2, 23, 8–10: Caecil. com. II 142–157 SRPF3 ← Men. frg. 296 PCG = 333 Körte
2, 23, 11–13: Caecil. com. II 158–162 SRPF3 ← Men. frg. 297 PCG = 334 Körte
2, 23, 14–21: Caecil. com. II 169–172 SRPF3 ← Men. frg. 298 PCG = 335 Körte
Abschließend (IV) wird in 2, 23, 22 noch einmal der Vorzug Menanders mit dem Hinweis hervorgehoben, dass die lateinische Nachbildung für sich betrachtet ihren künstlerischen Wert besitze, im direkten Vergleich mit dem Original aber ästhetisch abfalle.
Gellius geht es in diesem Kapitel um den Vergleich zweier Ganzschriften: Die drei Textbeispiele (loci) sind exemplarisch gewählt und dienen dem Zweck, die künstlerische Unterlegenheit der lateinischen Nachbildung im Ganzen zu belegen.5 Für derartige Vergleiche von Ganzschriften bot die frühe lateinische Übersetzungsliteratur – archaisches Epos und insbes. Tragödie und Komödie – reichlich Material, wobei die fehlende stoffliche Originalität der Texte grundsätzlich keinen Anlass zur Kritik lieferte.6 Auch Gellius setzt in 2, 23 die besonderen Produktionsbedingungen der frühen römischen Komödie als Übersetzungsliteratur als gegeben voraus:
Gellius greift in 2, 23 auf die traditionelle Terminologie zur Kennzeichnung von Übersetzungen – im weiteren antiken Sinne verstanden7 – zurück; vgl. 2, 23, 1 (Comoedias … nostrorum poetarum sumptas ac versas de Graecis …) und 2, 23, 6 (… Menandri … Plocium …, a quo istam comoediam verterat).8 Den Vorgang der Abweichung vom Original bezeichnet er mit dem Terminus mutare (2, 23, 7). Die Intention des „Übersetzers“ gerät in 2, 23, 11–12 in den Blick: Caecilius wird die Absicht unterstellt, bestimmte Züge des Originals übernehmen zu wollen, ohne jedoch die Fähigkeit zur Umsetzung besessen zu haben: … ea Caecilius, ne qua potuit quidem, conatus est enarrare, sed quasi minime probanda praetermisit et alia nescio qua mimica inculcavit et illud Menandri … simplex et verum et delectabile, nescio quopacto omisit.
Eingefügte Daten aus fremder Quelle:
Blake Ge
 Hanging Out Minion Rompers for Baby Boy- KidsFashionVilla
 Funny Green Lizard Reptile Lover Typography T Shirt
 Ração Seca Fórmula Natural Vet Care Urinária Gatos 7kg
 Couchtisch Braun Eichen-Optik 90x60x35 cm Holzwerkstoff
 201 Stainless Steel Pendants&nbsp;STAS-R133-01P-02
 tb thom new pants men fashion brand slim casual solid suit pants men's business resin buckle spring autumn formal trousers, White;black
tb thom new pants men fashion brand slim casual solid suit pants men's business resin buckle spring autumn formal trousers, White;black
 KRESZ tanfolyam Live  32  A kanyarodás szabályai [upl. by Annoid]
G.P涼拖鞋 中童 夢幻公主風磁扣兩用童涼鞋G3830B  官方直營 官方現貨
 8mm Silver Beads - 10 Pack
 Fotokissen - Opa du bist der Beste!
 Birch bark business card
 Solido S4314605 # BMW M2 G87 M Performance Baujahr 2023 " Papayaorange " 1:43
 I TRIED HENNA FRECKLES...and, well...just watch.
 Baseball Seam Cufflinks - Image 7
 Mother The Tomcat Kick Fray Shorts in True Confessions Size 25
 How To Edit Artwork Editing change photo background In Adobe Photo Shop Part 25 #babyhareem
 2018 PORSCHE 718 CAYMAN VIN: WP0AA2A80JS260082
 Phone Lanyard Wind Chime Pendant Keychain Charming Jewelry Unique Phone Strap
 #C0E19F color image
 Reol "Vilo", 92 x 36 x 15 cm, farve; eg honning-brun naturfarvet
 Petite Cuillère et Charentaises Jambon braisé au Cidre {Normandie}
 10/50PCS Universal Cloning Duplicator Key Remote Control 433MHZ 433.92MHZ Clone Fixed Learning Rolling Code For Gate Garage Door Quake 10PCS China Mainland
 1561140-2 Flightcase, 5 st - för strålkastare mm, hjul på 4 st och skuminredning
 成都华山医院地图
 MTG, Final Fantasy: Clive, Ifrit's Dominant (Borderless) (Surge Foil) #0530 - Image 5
Die Abweichungen vom Original erscheinen in dieser Betrachtung als Symptome eines generellen künstlerischen Mangels. Entsprechend wird in 2, 23, 13 die lateinische Übertragung der zweiten Menanderstelle als „Entstellung“ des Originals (corrupit) gescholten, und auch in 2, 23, 21 ist Menander das Maß aller Dinge: Im Zusammenhang mit der dritten Caeciliusstelle stellt Gellius die Frage, ob der Römer die sinceritas und veritas der Menanderverse erreicht habe (… an adspiraverit Caecilius, consideremus).9 Auch der Schlussgedanke reiht sich hier ein: Der Versuch der Nachahmung sei in den Fällen, wo er mangels Begabung von Beginn an zum Scheitern verurteilt ist, nicht einmal erlaubt (2, 23, 22: … non puto Caecilium sequi debuisse, quod assequi nequiret). Caecilius wird demnach als ein Beispiel für eine zwar beabsichtigte, aber misslungene Nachahmung vorgestellt. Und schon in der Einleitung wird aemulatio ohne weitere Begründung als die leitende Absicht, die hinter dem Nachahmungsversuch des Caecilius steht, vorausgesetzt (2, 23, 3: ita Graecarum, quas aemulari nequiverunt, facetiis atque luminibus obsolescunt).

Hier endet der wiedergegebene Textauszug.